## PROMPT
Starting from the line that contains "Exclusive Sole Mandate", give back every line through the end of the listing exactly as written and no other line.

## DATA EXCERPT
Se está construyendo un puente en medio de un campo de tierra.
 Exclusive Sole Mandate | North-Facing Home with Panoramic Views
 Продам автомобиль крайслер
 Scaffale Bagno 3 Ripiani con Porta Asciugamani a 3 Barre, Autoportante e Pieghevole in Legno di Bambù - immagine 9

## SOLUTION TO THIS EXERCISE
 Exclusive Sole Mandate | North-Facing Home with Panoramic Views
 Продам автомобиль крайслер
 Scaffale Bagno 3 Ripiani con Porta Asciugamani a 3 Barre, Autoportante e Pieghevole in Legno di Bambù - immagine 9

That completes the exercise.